Why Authenticity Is The “Key” When You Deal With Strangers’ Mockings
I am sure you too had a moment in your life that you wondered: “Should I be nice and real to people? Or should I be defensive instead?’’
Maybe a friend turned out to envy you or someone mocked you in a non-expected way.
Both of these experiences, make us consider: “Should I ever let my guard down and stop being defensive towards people ?.”
But before answering that question, let’s talk about:
Why being real and Authentic in our lives is important and why most people, unfortunately, are not:
Most people nowadays wear a mask to project a fake self. This happens because they are not confident enough to accept their real character, so they become fake to feel more secure. . So, they stop being authentic because they are terrified of becoming vulnerable…
And that's kinda true… You see, being yourself is hard. You allow others to have access to your insecurities and your genuine kindness. So, you let yourself defenseless in a sort of way, and you make it easy for someone to offend you.

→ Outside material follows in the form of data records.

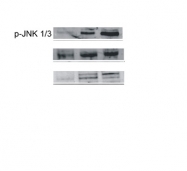 bs-1640R - JNK1/2/3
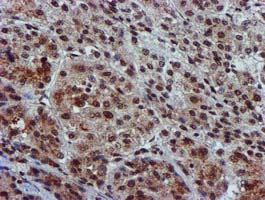 m09339 anti glutathione s transferase theta 2 gstt2 mouse monoclonal antibody clone id oti3b6 ihc testing 12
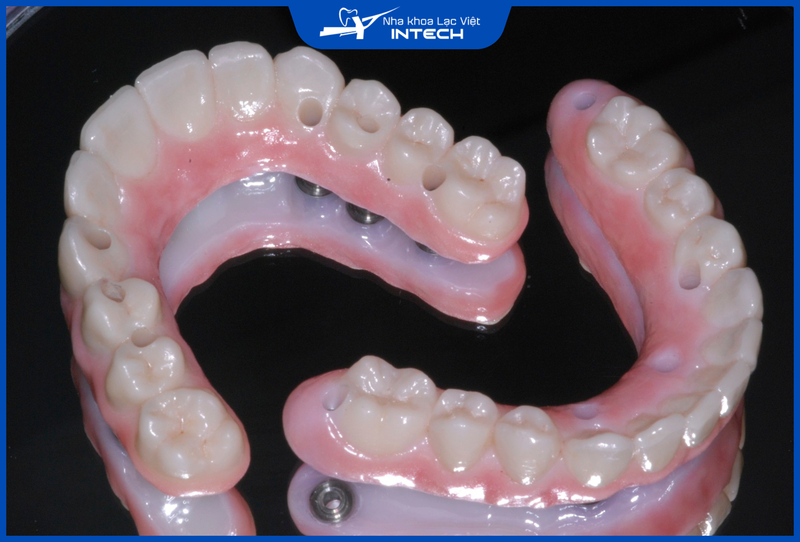 Hàm tháo lắp trên Implant cần được tháo ra và vệ sinh thường xuyên để tránh các tác nhân ăn mòn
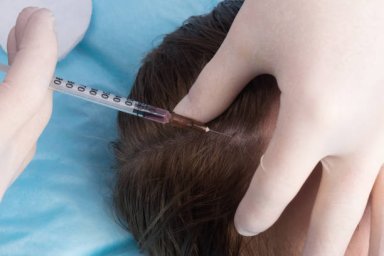 PRP Hair Treatment: Understanding Its Role in Modern Hair Regrowth PRP Hair Treatment: Understanding Its Role in Modern Hair Regrowth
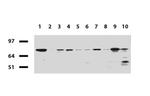 RRM1 Antibody in Western Blot (WB)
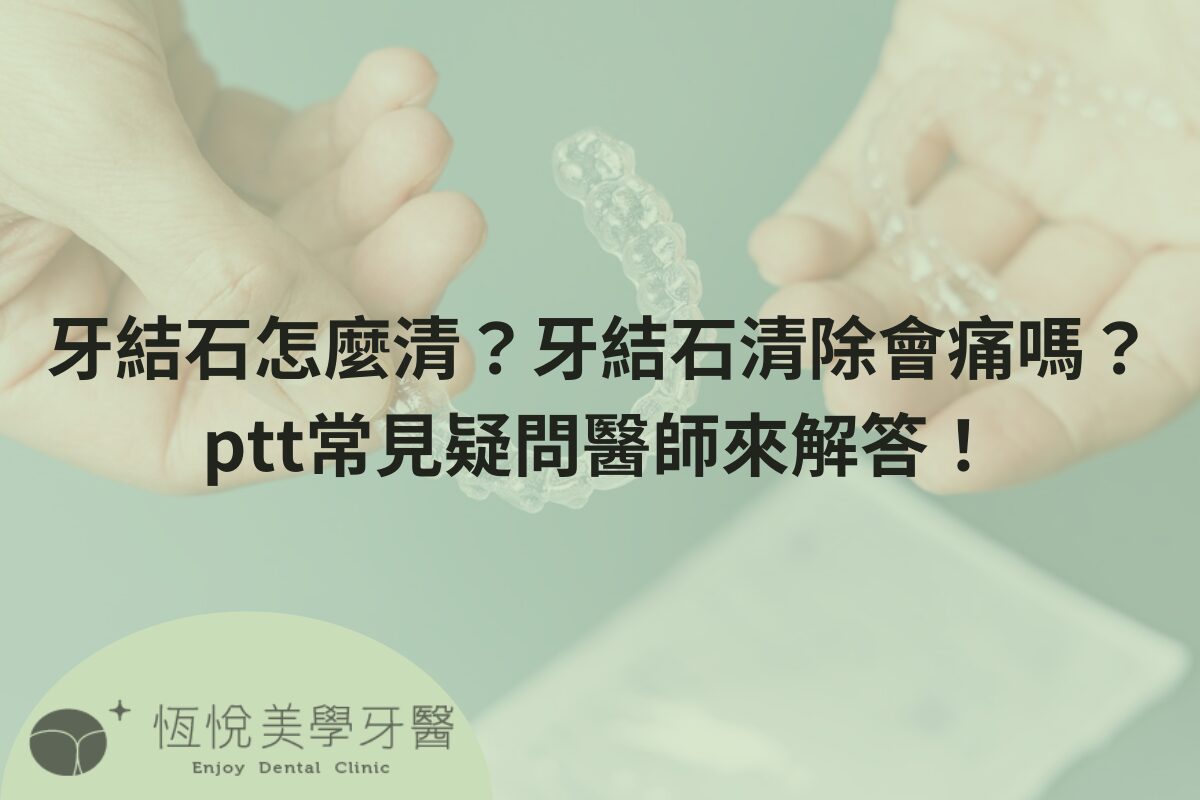 Read more about the article 牙結石怎麼清？牙結石清除會痛嗎？ptt常見疑問醫師來解答！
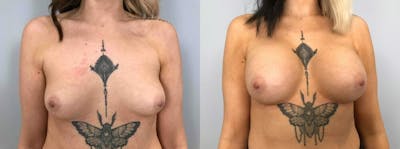 Breast Augmentation Gallery - Patient 48813417 - Image 1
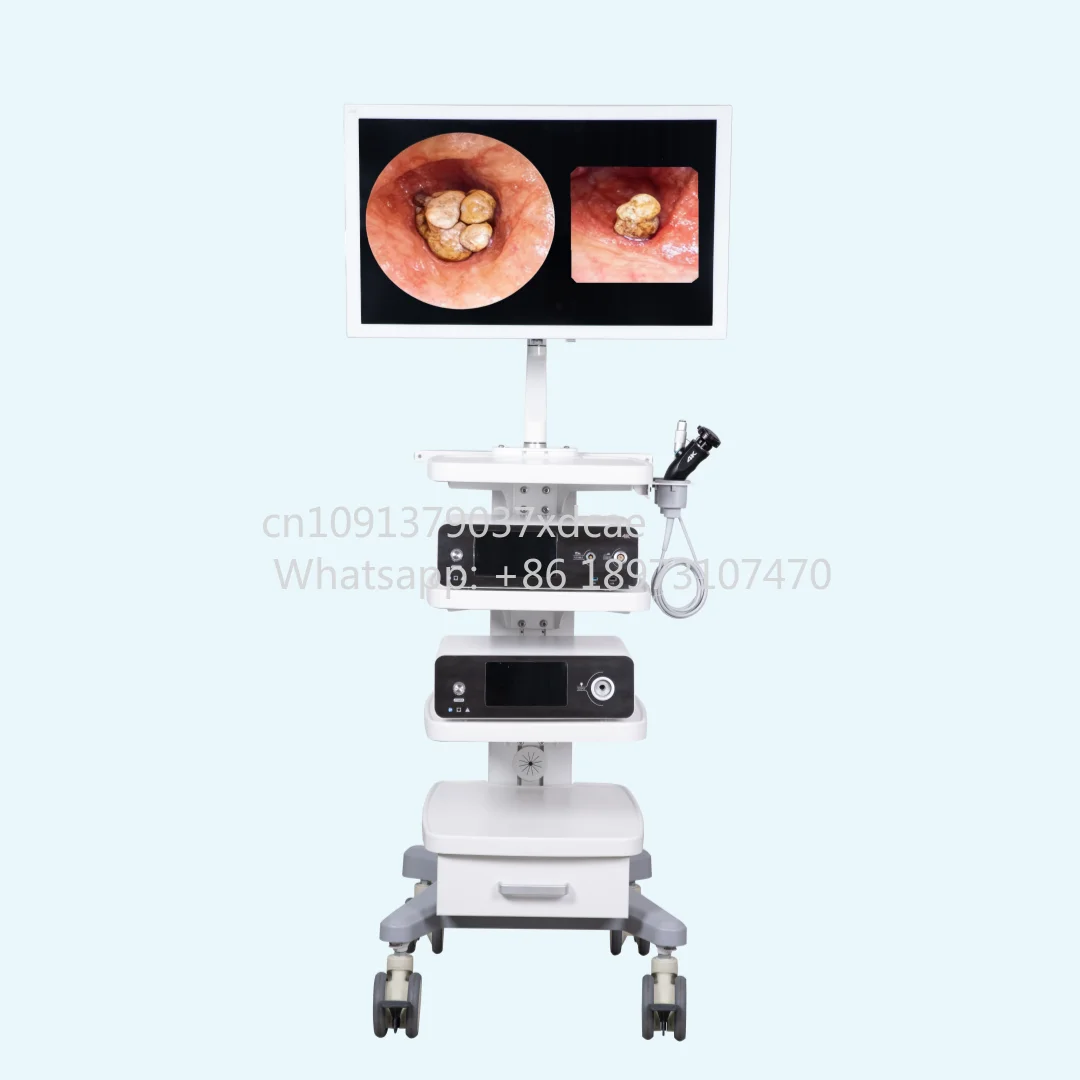 2026 New 32 Inches 4k Screen Endoscopy Imaging Equipment Tower Endoscope Camera System Trolley​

At the same time though, you feel so well, happy, and free because you allow yourself to be expressed, and you oppress your feelings. And that's a lot!
That been said, how should we behave among strangers? But first, allow me to explain even more:
Dealing with the subtle mocking of people you barely know:
When we behave authentically among strangers, on one hand, we don't overpress ourselves, but on the other hand, we lose our defenses.
For example, in social interactions, if someone tells us something negative in a playful way we have two choices:
- Accept his words as a tease and tease him back too.
- Interpret it as an insult or derision/mocking, and get serious about it.
So, if we choose the first option, on one hand, we create a nice vibe and opportunity for connection with this person. On the other hand, we permit this person to repeat this joke, and because we don't know them well, we let them maybe insult us.
Choosing the second option we don’t create any opportunity for vibing, however, we have defended ourselves.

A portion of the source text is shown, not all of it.